Vanity is a powerful motivator. It is why the beauty product industry, athletic clubs, the diet market and cosmetic surgeons all continue to thrive even in today’s current economic downturn. Everyone wants to feel better about themselves and like the person they see in the mirror (as well as be attractive to potential romantic interests) and they’re usually willing to pay good money toward that end. However, this does not mean that playing on vanity is limited to the sale of self-improvement products.
It’s something that auto makers have known since the 1920s, when automobiles transitioned from a rich man’s toy into an everyday tool of the masses. I recall an ad for a certain German sportscar that aired sometime in the mid-to-late 1970s. It began with a shot of a very handsome and well-dressed gentleman getting out of the vehicle and a voice-over narration that said (in a very deep, masculine and authoritative voice): “This man earns fifty thousand dollars a year…” (this was a time when $50K a year was considered quite a hefty income, of course).
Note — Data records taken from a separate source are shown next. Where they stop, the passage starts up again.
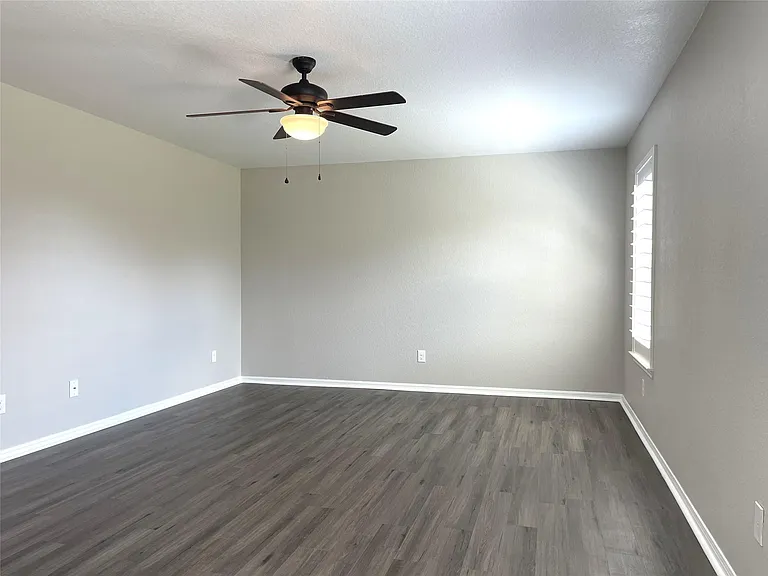 29127 Innes Park Pl — Photo 11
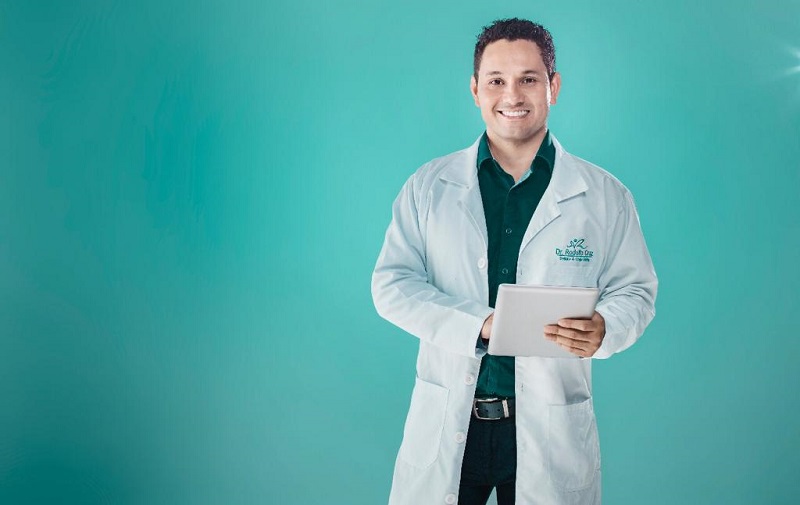 El director del hospital de Villavicencio, Rodolfo Cruz, inició un plan y programa que pretende ayudar a egresados y personal médico que perdieron sus plazas de trabajo.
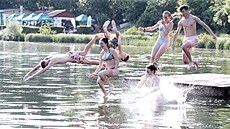 Na koupališti v Motole se lidé ve vedrech osvěžovali ve vodě. | na serveru Lidovky.cz | aktuální zprávy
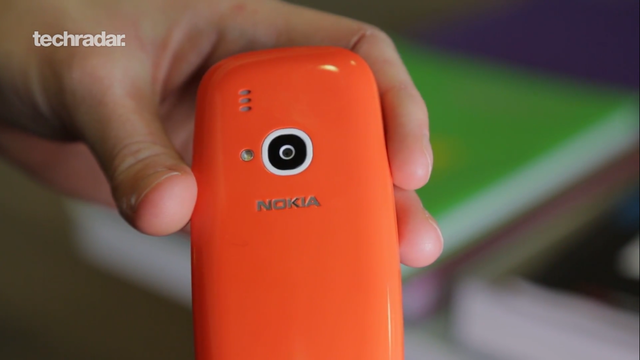 Nokia 3310 bản hồi sinh v&agrave; Nokia 3310 gốc: Sau 17 năm, mọi thứ đ&atilde; thay đổi như thế n&agrave;o? - Ảnh 6.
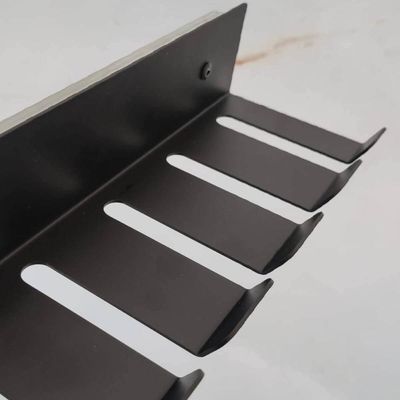 Suporte Porta 6 Espetos Deslizante de Churrasco Preto com Corrediça para Móvel Schmitt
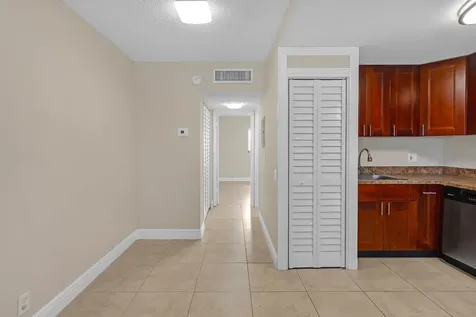 520 NE 44th Street Boca Raton FL 33431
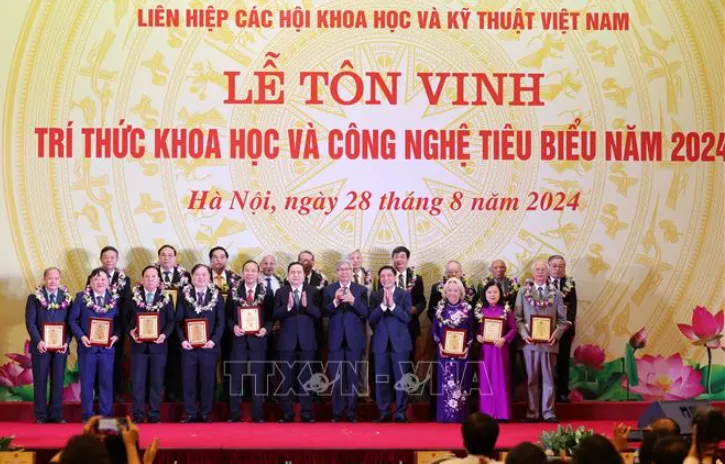 Chủ tịch Quốc hội: Đội ngũ trí thức phải có nhận thức mới, tư duy khoa học gắn với giải pháp thiết thực - Ảnh 1.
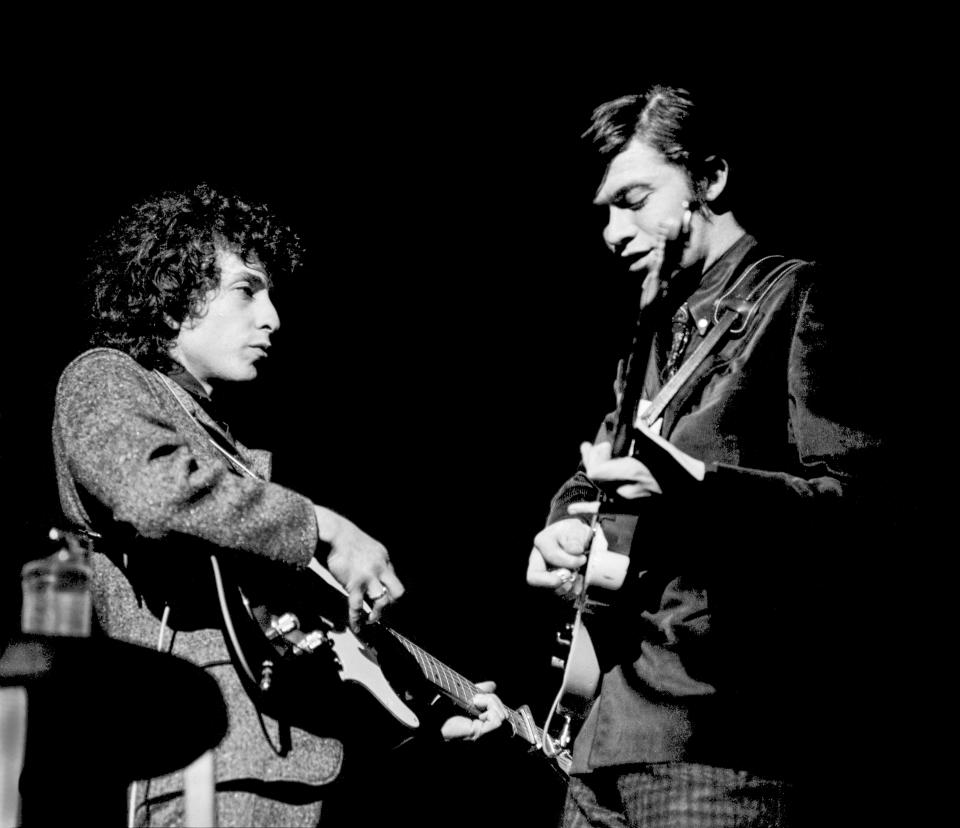 Bob Dylan (L) and Robbie Robertson (R) playing electric guitars in 1966. (Photo: Charlie Steiner - Highway 67/Getty Images)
All-in-all, it was a powerful image and presentation. It is not difficult to imagine how any man might have wanted to put himself in that guy’s shoes (need I mention that later in the ad, the driver winds up with a gorgeous young woman on his arm, which whom he later drives off with into the sunset?)
Designer clothing is another product that often relies on vanity in order to appeal to consumers. It is of course impossible to ignore the fact that the people (of both genders) who model such clothing are invariably beautiful and often placed into glamorous settings?
It’s not just designer clothing, of course. In fact, the clothing industry appeals to vanity in ways that are often subtle. Consider work boots and western wear, with ads depicting rugged, hard-working, tough-looking guys. Men who are part of this target market generally like to think of themselves this way; if wearing such clothing helps to reinforce this self image, they’re likely to buy it. Another example: certain clothing manufacturers who promote the fact that their products are made in the U.S.A. by workers making a family-wage working with environmentally-friendly, fair-trade materials. Surely, supporting such a business is morally the right thing to do – but again, vanity can come into the equation here as well. After all, won’t others think better of you if you are supporting domestic industries and helping the planet?
Of course, nobody wants to be thought of as “vain” – but let’s be honest – all of us (myself included) have our vanties, whether it is about our looks, our posessions, our creations or something else. Deftly handled, vanity can be a powerful sales tool.